● Task brief:
Copy the lines below exactly, starting at the one with "Dvd verdi giuseppe" and ending at the one with "IMG_9721.HEIC", and leave out any picture.

● Extracted information:
==*==

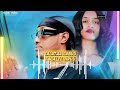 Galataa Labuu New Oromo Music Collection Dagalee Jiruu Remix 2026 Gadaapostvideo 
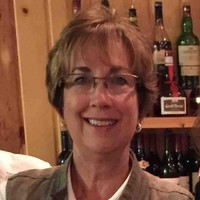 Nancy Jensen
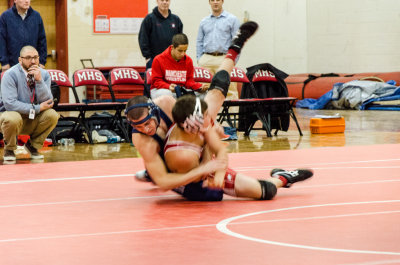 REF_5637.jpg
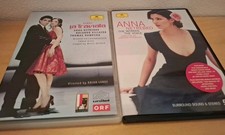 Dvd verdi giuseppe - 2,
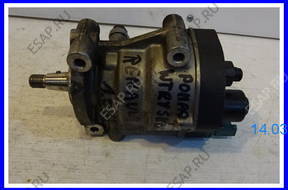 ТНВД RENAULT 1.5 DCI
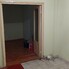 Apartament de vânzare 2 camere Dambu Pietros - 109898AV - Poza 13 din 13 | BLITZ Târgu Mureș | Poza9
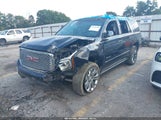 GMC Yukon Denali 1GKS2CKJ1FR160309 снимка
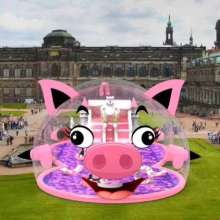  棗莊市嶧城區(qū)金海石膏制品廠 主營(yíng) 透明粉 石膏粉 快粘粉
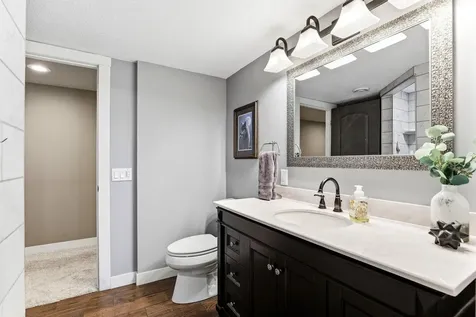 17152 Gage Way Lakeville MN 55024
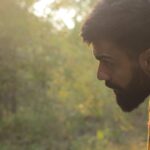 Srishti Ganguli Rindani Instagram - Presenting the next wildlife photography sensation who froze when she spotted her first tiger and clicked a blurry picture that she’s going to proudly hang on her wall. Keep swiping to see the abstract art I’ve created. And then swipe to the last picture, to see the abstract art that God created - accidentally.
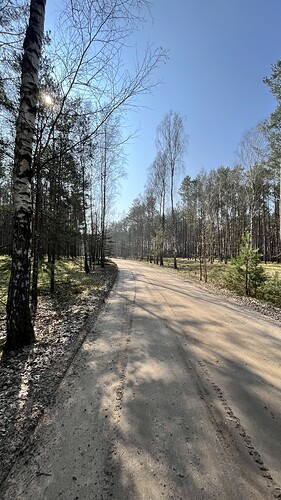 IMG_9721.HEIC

==*==

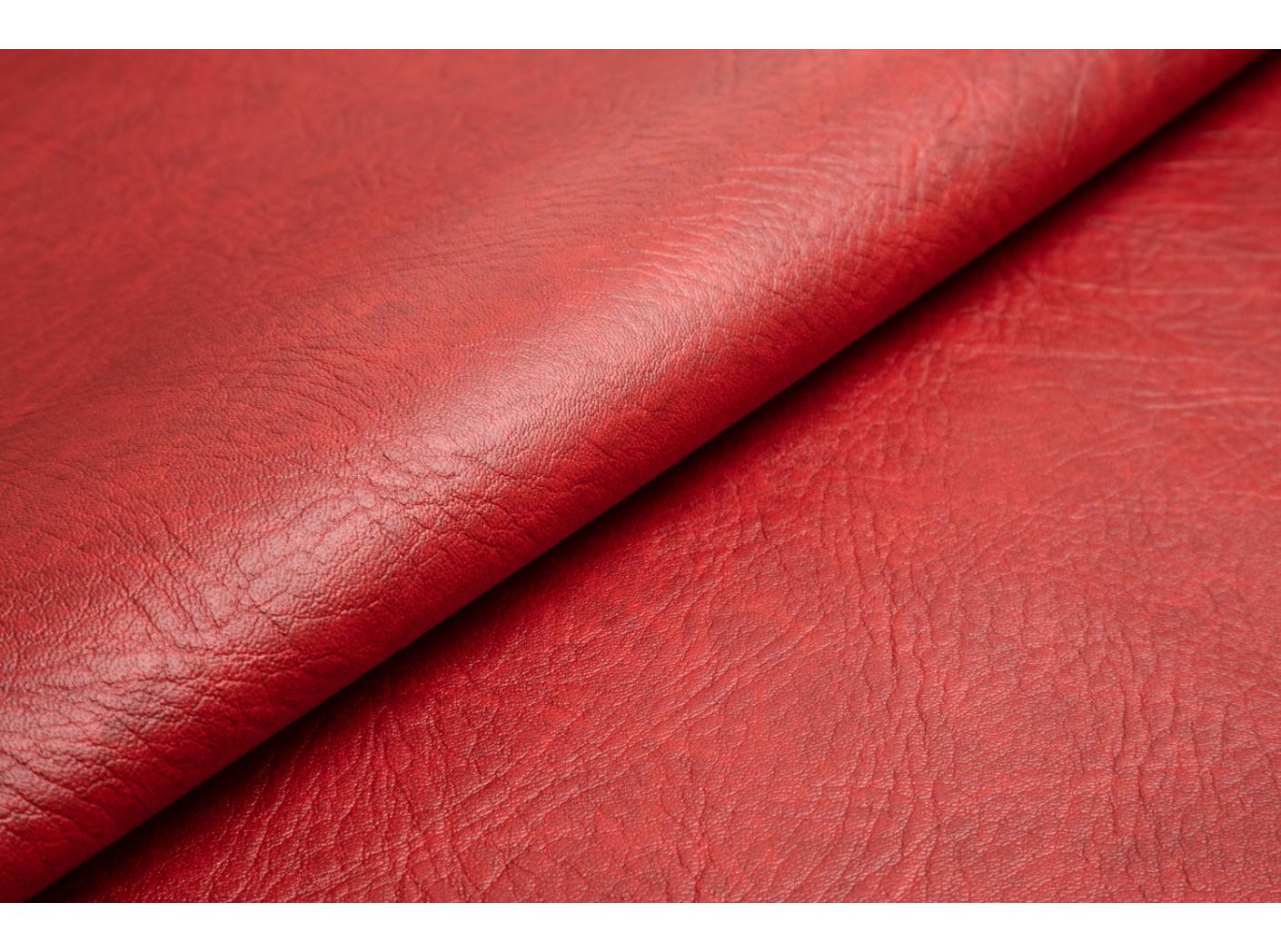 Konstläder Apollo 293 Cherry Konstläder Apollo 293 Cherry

==*==

● Answer section:
 Dvd verdi giuseppe - 2,
 ТНВД RENAULT 1.5 DCI
 Apartament de vânzare 2 camere Dambu Pietros - 109898AV - Poza 13 din 13 | BLITZ Târgu Mureș | Poza9
 GMC Yukon Denali 1GKS2CKJ1FR160309 снимка
  棗莊市嶧城區(qū)金海石膏制品廠 主營(yíng) 透明粉 石膏粉 快粘粉
 17152 Gage Way Lakeville MN 55024
 Srishti Ganguli Rindani Instagram - Presenting the next wildlife photography sensation who froze when she spotted her first tiger and clicked a blurry picture that she’s going to proudly hang on her wall. Keep swiping to see the abstract art I’ve created. And then swipe to the last picture, to see the abstract art that God created - accidentally.
 IMG_9721.HEIC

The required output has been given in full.